Why We Process Your Data

Purpose	Lawful Basis
Document ingestion, OCR extraction, and indexing	Performance of contract
AI-powered question-answering and retrieval	Performance of contract
User authentication and role-based access	Performance of contract
Platform security and unauthorized access prevention	Legitimate interest
Service quality improvement and analytics	Legitimate interest
Legal and regulatory compliance	Legal obligation

We never process data for advertising, profiling, or any purpose outside the contracted scope.

How We Use AI

PageSense uses AI for OCR text extraction, vector embedding generation, semantic retrieval, and grounded question-answering.
All AI-generated answers are assistance tools — not final records, legal interpretations, or binding conclusions.
Every AI output includes page-level citations so users can verify against original source documents.
AI answers should always be reviewed against the original document before use in formal decisions.
We do not use your organization's documents, extracted text, or queries to train AI models without explicit written consent.
We maintain full documentation of OCR engines, embedding models, retrieval algorithms, and LLM providers used.

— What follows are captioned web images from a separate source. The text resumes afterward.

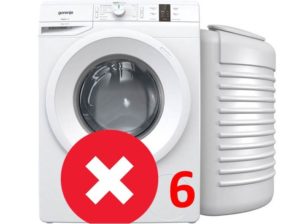 Chyba 6 v pračce Gorenje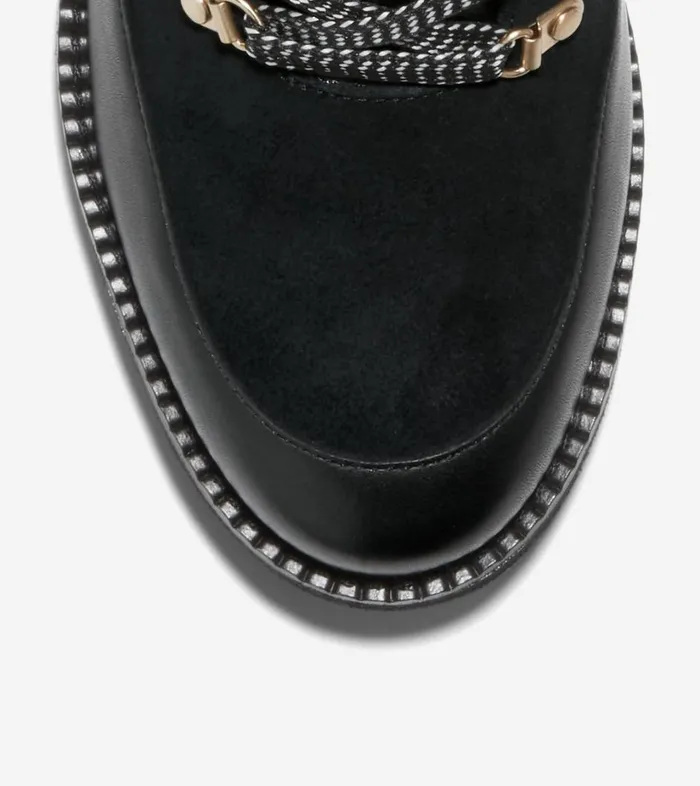 Boots And Booties Women Cole Haan ZERGRAND City Wedge Hiker Boots Black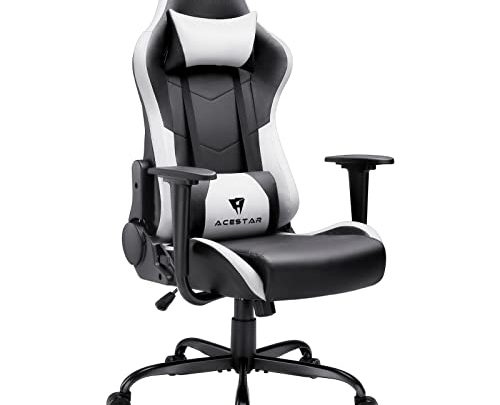 Acestar Gaming Chair,Gamer Chair for Adults,Video Game Chairs,Racing Style Gaming Chairs,Comfortable high Back Adjustable Swivel Gaming Chair 400lbs Weight Capacity…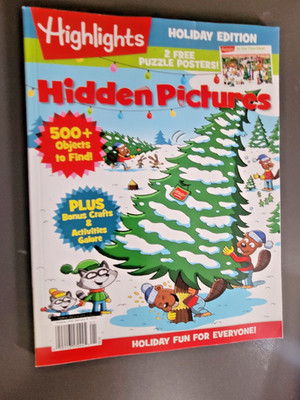 Highlights Hidden Pictures -Holiday Edition - 500+ Hidden Objects- Bonus Posters
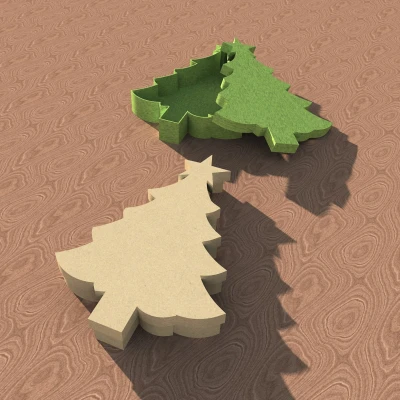 Hộp Quà Giáng Sinh Hình Cây Thông Noel | 2 Kích Cỡ | In Nhanh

Data Sharing and Sub-Processors

Provider	Purpose	Location
Cloud Hosting Provider	Infrastructure, storage, and compute	USA
LLM Provider (e.g., Google Gemini)	AI question-answering and response generation	USA
Vector Database Provider (e.g., Qdrant)	Vector storage and semantic retrieval	USA
Analytics Platform	Anonymous usage analytics	USA

30 days' advance notice for any sub-processor changes. Right to object included.

Cross-Border Data Transfers

SDAIA-approved Standard Contractual Clauses (SCCs).
Completed Transfer Risk Assessments filed with NDMO.
Encrypted transmission and storage at all international points.
Contractual prohibition on secondary use.

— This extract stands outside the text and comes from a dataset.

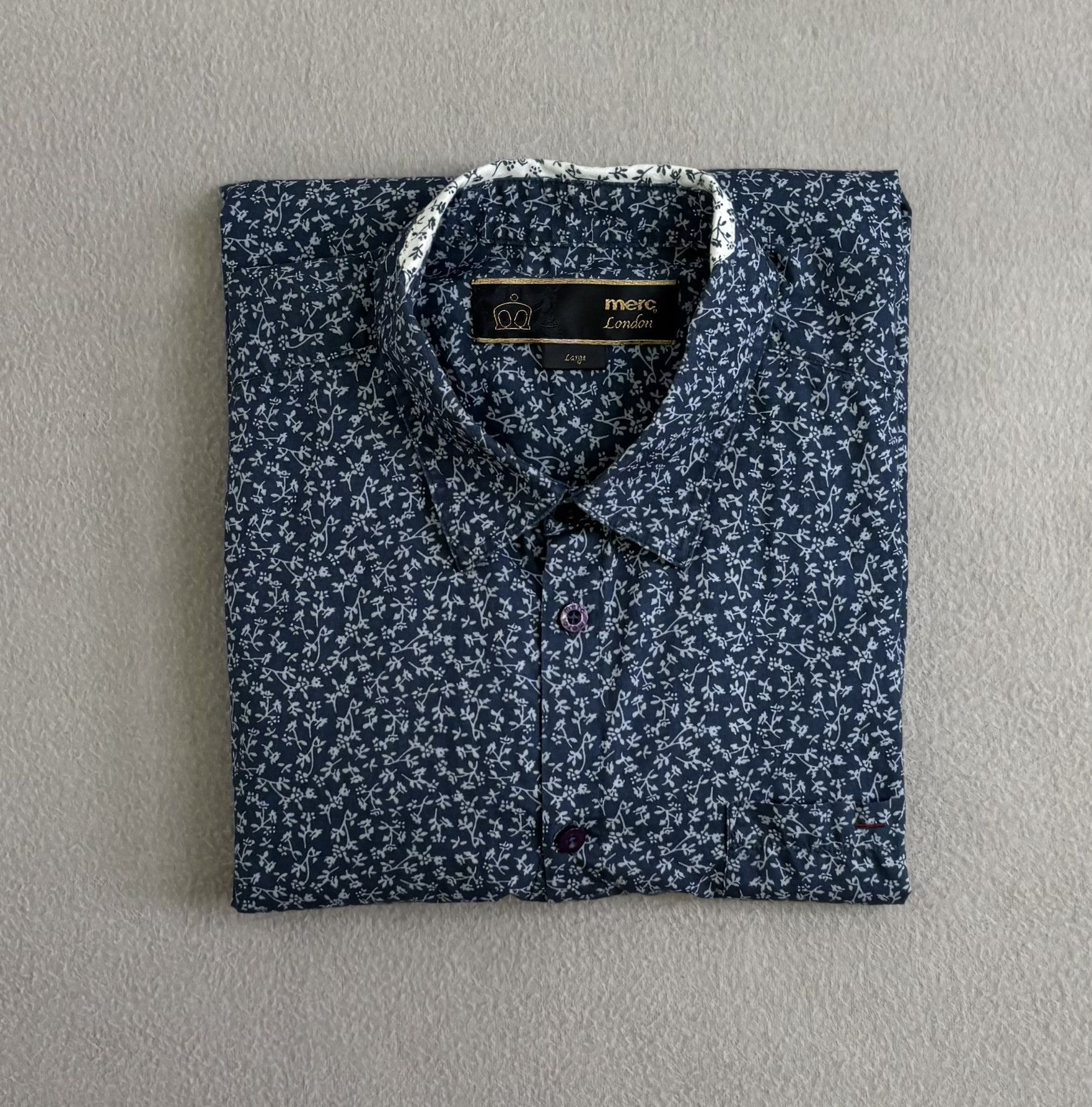 Merc Merc London shirt size L Size US L / EU 52-54 / 3 - 13 Thumbnail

Your Organization's Rights Under PDPL

Access: Copy of all personal data held (documents, extracted text, queries, answers).
Correction: Fix inaccurate metadata or document information.
Deletion: Specific documents, all extracted text and associated embeddings, or all data.
Portability: JSON or PDF export.
Objection: Object to processing not in DPA.
Restriction: Restrict processing during dispute.
Audit: Evidence of PDPL compliance.

Contact: privacy@esap.ai — Response within 30 days.

Data Retention

Data Type	Retention Period
Uploaded documents (original files)	Duration of contract, then deleted on termination
OCR-extracted text	Contract duration + 6 months
Vector embeddings	Contract duration + 6 months
User query logs	12 months
AI-generated answers and citations	12 months
Document metadata	Contract duration + 1 year
User account data	Contract duration + 1 year
Security and access logs	6 months

30-day data export window on termination. Permanent deletion confirmed in writing.

Data Security

AES-256 encryption at rest for all documents, extracted text, and embeddings.
TLS 1.3 encryption in transit.
Multi-tenant data isolation — each Client's document collections and embeddings are fully separated.
Role-based access controls with three distinct levels (Admin, Client Admin, Client Main).
Vector database access is restricted to authorized application services only.
Regular security audits and vulnerability assessments.
72-hour SDAIA breach notification and immediate client notification.

Contact and Complaints

Empowering Energy — Data Privacy Team.

privacy@esap.ai · rag.esap.ai/privacy

Complaints may be directed to SDAIA at sdaia.gov.sa.